Starting with the line that has "Carl Zakarian here" in the records below and ending with the line that has "Second, extra fluid", output those lines exactly and nothing more; omit the pictures.

• Data extracts:

● ● ● ● ● ● ●

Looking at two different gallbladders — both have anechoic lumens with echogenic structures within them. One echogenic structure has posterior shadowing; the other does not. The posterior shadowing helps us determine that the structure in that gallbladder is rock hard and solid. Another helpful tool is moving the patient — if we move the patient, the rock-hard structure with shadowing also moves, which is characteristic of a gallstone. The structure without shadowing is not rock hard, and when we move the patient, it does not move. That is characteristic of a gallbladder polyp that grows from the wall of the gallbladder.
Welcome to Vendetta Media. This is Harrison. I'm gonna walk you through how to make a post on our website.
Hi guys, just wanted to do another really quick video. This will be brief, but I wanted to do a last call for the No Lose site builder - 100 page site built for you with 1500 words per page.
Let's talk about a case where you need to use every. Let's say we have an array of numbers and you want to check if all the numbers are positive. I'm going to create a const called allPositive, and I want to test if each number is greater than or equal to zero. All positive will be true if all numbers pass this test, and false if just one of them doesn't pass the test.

● ● ● ● ● ● ●

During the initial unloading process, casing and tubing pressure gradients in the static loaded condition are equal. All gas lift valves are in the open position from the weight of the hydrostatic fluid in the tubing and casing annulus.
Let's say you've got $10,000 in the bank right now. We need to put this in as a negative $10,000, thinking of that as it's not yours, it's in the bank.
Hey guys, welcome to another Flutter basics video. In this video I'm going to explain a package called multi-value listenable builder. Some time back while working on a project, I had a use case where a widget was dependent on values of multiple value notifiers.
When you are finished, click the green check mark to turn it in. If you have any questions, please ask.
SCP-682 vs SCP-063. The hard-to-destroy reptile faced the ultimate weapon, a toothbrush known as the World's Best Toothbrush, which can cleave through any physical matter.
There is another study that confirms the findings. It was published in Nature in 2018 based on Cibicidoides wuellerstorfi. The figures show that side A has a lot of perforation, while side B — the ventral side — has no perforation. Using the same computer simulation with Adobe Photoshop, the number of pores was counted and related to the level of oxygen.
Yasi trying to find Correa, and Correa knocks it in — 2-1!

● ● ● ● ● ● ●

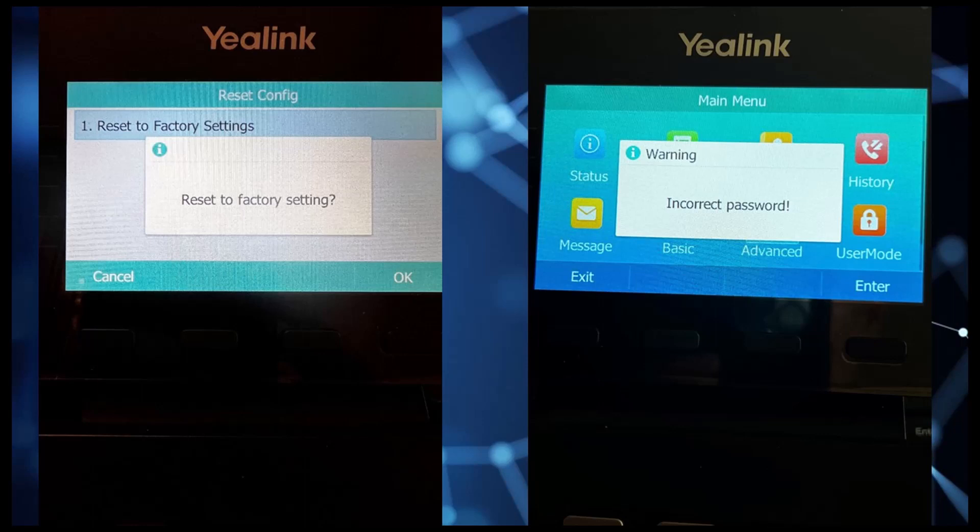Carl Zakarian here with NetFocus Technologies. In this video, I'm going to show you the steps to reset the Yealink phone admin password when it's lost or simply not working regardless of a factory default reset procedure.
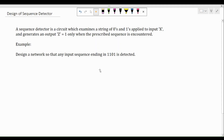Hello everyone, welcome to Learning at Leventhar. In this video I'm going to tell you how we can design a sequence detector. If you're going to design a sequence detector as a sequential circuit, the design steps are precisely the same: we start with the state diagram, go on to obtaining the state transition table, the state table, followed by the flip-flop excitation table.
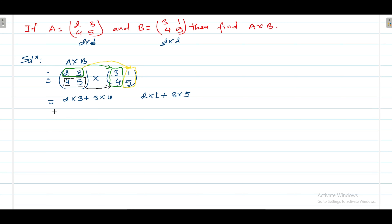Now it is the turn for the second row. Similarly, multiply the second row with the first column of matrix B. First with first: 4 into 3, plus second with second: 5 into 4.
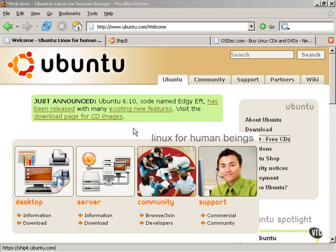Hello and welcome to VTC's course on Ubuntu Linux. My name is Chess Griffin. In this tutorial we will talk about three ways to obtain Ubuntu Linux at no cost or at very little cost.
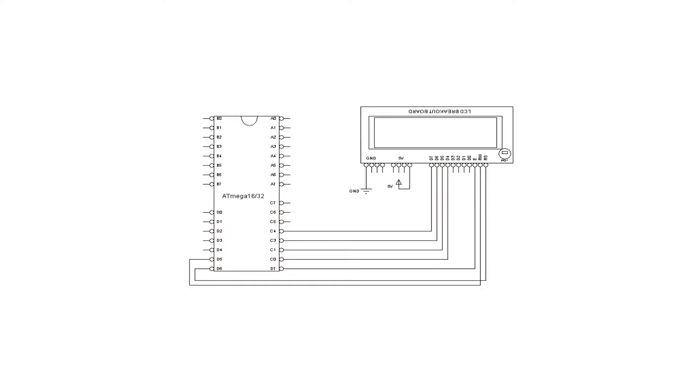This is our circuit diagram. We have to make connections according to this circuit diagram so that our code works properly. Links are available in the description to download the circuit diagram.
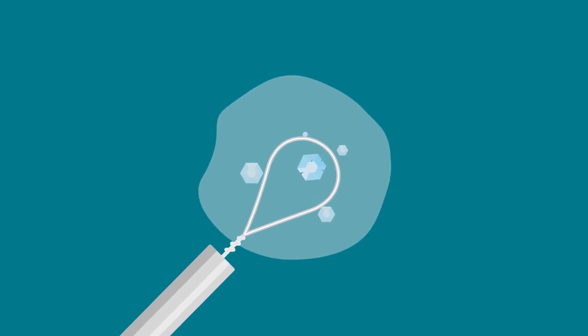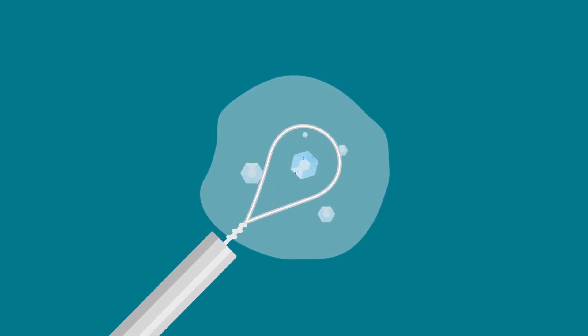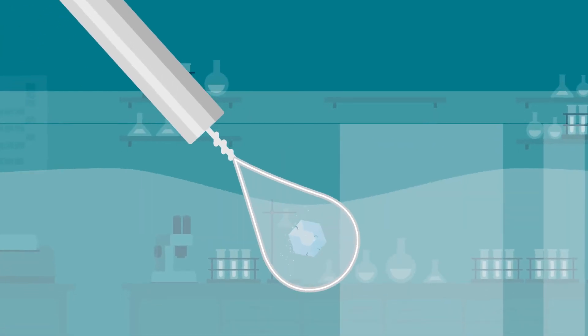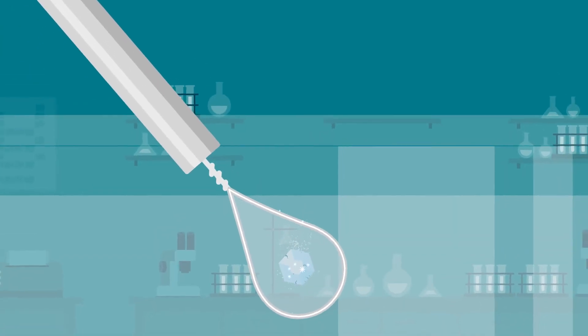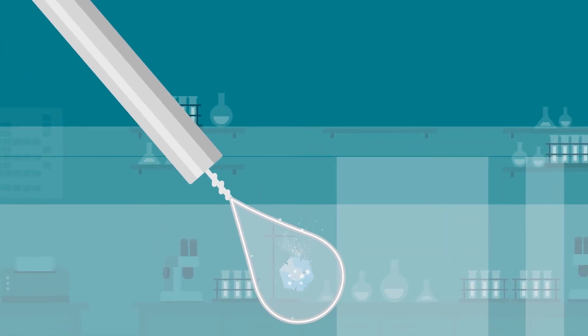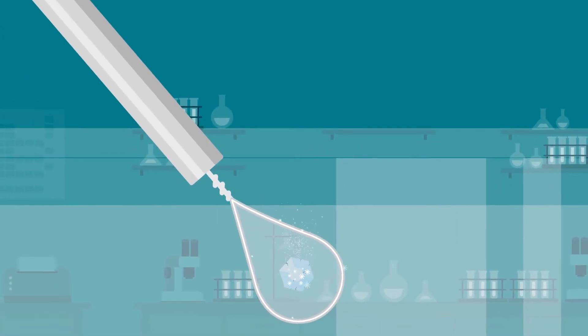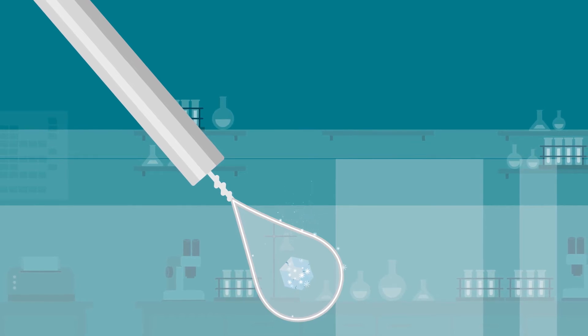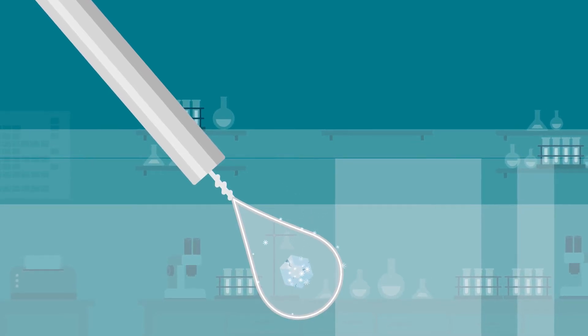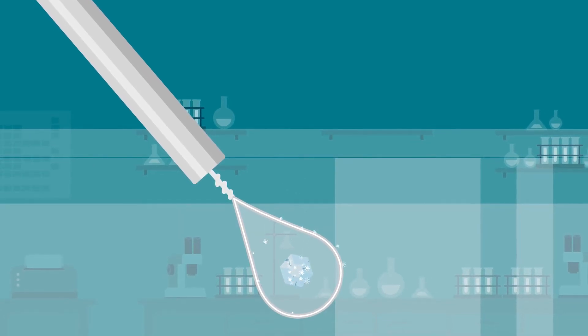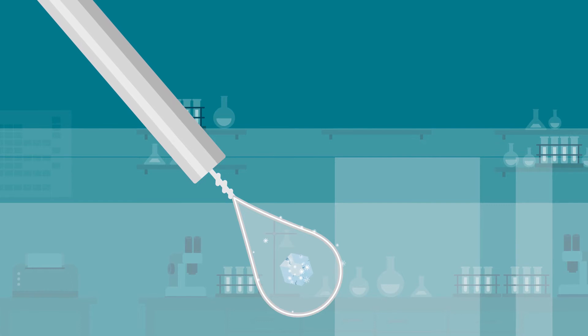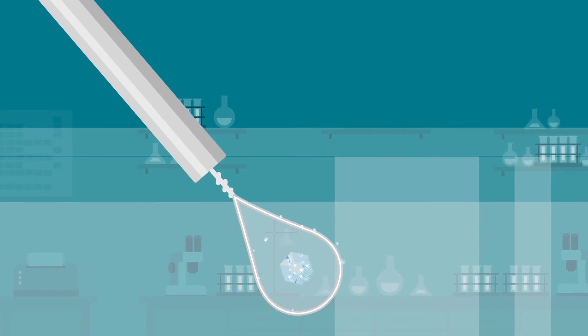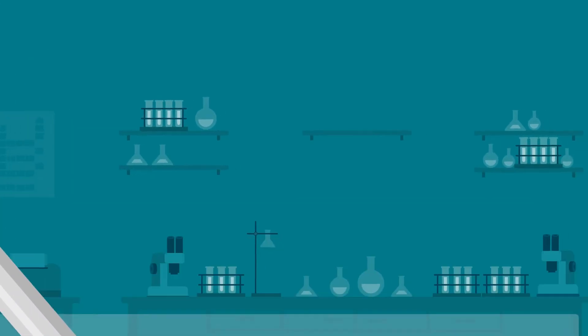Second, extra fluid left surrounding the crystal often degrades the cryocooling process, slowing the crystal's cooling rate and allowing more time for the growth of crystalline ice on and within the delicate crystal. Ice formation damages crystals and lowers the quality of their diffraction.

● ● ● ● ● ● ●

• Exercise response:
Carl Zakarian here with NetFocus Technologies. In this video, I'm going to show you the steps to reset the Yealink phone admin password when it's lost or simply not working regardless of a factory default reset procedure.
Hello everyone, welcome to Learning at Leventhar. In this video I'm going to tell you how we can design a sequence detector. If you're going to design a sequence detector as a sequential circuit, the design steps are precisely the same: we start with the state diagram, go on to obtaining the state transition table, the state table, followed by the flip-flop excitation table.
Now it is the turn for the second row. Similarly, multiply the second row with the first column of matrix B. First with first: 4 into 3, plus second with second: 5 into 4.
Hello and welcome to VTC's course on Ubuntu Linux. My name is Chess Griffin. In this tutorial we will talk about three ways to obtain Ubuntu Linux at no cost or at very little cost.
This is our circuit diagram. We have to make connections according to this circuit diagram so that our code works properly. Links are available in the description to download the circuit diagram.
Second, extra fluid left surrounding the crystal often degrades the cryocooling process, slowing the crystal's cooling rate and allowing more time for the growth of crystalline ice on and within the delicate crystal. Ice formation damages crystals and lowers the quality of their diffraction.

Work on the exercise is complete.